In 2000, Democratic Party presidential candidate Al Gore picked Connecticut senator Joseph Lieberman to be his running mate, making Lieberman the first Jewish American to be a major party candidate for vice president. Although Gore and Lieberman were not ultimately elected, Lieberman’s presence in the presidential race renewed perennial debates as to the proper place of religion in American life and politics.

Lieberman, a religiously observant member of the Orthodox branch of Judaism, raised the issue of religion in America in several well-publicized campaign speeches and pronouncements. In a noted speech at the University of Notre Dame, a Roman Catholic institution, he called for increasing religion’s role in the public realm. Lieberman argued that America was founded on a moral consensus that was rooted in religious values. The people who led the American Revolution and wrote the Constitution “were men of profound faith and recognized as such the necessity of religion in a free society,” he claimed. America’s founders believed that

in a democratic state with limited power, religion, while not the only source, was certainly a most powerful source of values and good behavior. The core of these original values— faith, family, and freedom, equal opportunity, respect for the basic dignity of human life, and tolerance for individual differences —clearly had their roots in the Judeo-Christian ethic of the Founders. . . . Over the years they evolved into an American civic religion—deistic, principled, purposeful, moral, public, and not least of all, inclusive—a civic religion that . . . made real the ideal of E pluribus unum, from many, one.

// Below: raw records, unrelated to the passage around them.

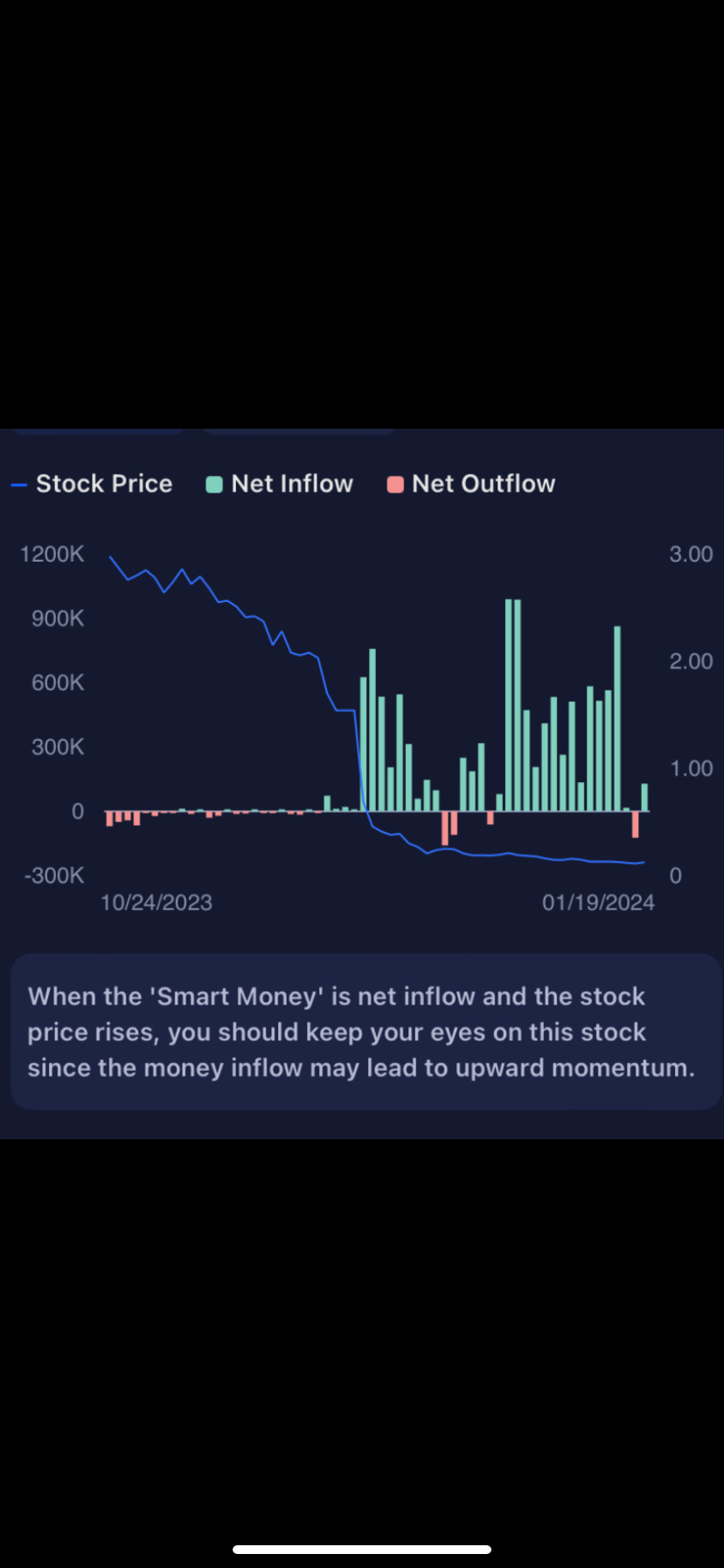 Markets react late in the week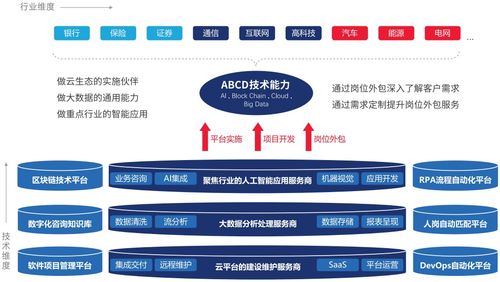 佩信集團榮膺數(shù)字化雙項大獎，以創(chuàng)新釋放數(shù)字人力價值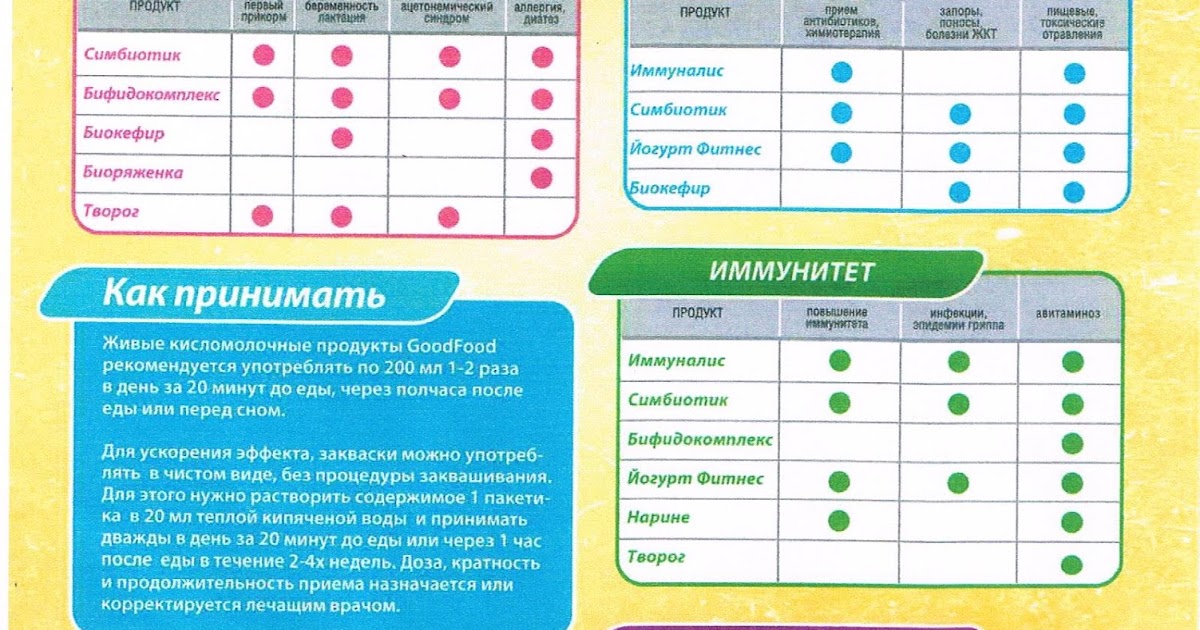 Как готовить медовик в домашних условиях видео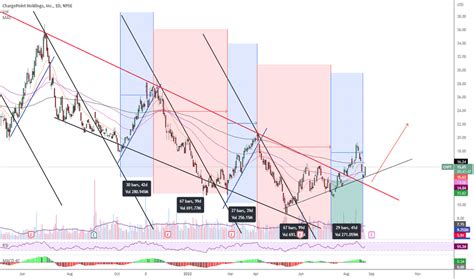 CHPT Stock Price and Chart — NYSE:CHPT — TradingView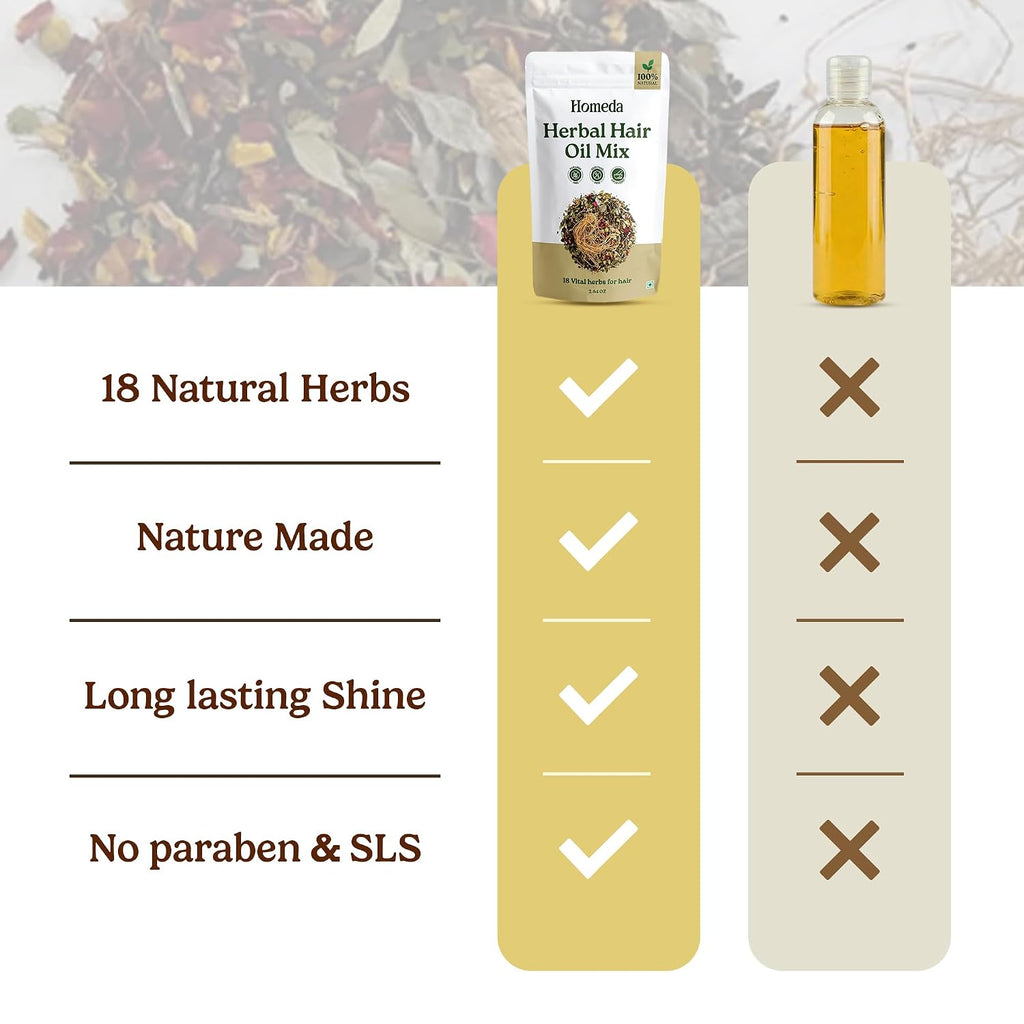 Herbal Hair Oil Mix, 18 Indian Ayurvedic Herbs, Hair Growth (2.6oz) | DIY Blend, Infusion, Mask or Rinse, Indian Growth Products, Ayurvedic Haircare Treatment, Amla, Hibiscus, Curry Leaf (75g)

But America’s core values, Lieberman believes, have been muffled in contemporary times because of a growing “ambivalence” towards religious faith and its private and public roles. “We have not abandoned our individual belief in those first principles,” he noted in his Notre Dame address. “But we have grown increasingly unwilling to embrace and act on them publicly and collectively.” Because of this, “we have practically banished religious values and religious institutions from the public square and constructed a ‘discomfort zone’ for even discussing our faith in public settings.” As a result, Lieberman asserted, America is experiencing broken families, schoolyard violence, a depraved popular culture, and other disturbing social trends. “We must rebuild our moral consensus,” he concluded. “We must take our religious beliefs and values—our sense of justice, of right or wrong—into America’s cultural and communal life.”

Not everyone agreed with Lieberman’s call for a stronger public role for religion. The Anti-Defamation League (ADL), a Jewish civil rights organization, wrote an open letter to Lieberman that stated: “Appealing along religious lines, or belief in God, is contrary to the American ideal. . . . Public profession of religious beliefs should not be an elemental part of . . . any political campaign.” For the ADL and other critics, American democracy and healthy religious life are dependent on religion staying out of the public sphere. They note that when America became independent from England, the former colonies not only broke away from its government, but also from the official Church of England. Rather than create a national church of its own, America’s founders instead explicitly forbade any “religious test” for public office and included religious freedom as the first civil liberty listed in the Bill of Rights. Cultural critic Ellen Willis expresses the view shared by many who believe that religion should remain a private rather than a public matter:

I believe that a democratic polity requires a secular state: one that does not fund or otherwise sponsor religious institutions and activities. . . . Furthermore, a genuinely democratic society requires a secular ethos: one that does not equate morality with religion, stigmatize atheists, defer to religious interests and aims over others or make religious beliefs an informal qualification for public office.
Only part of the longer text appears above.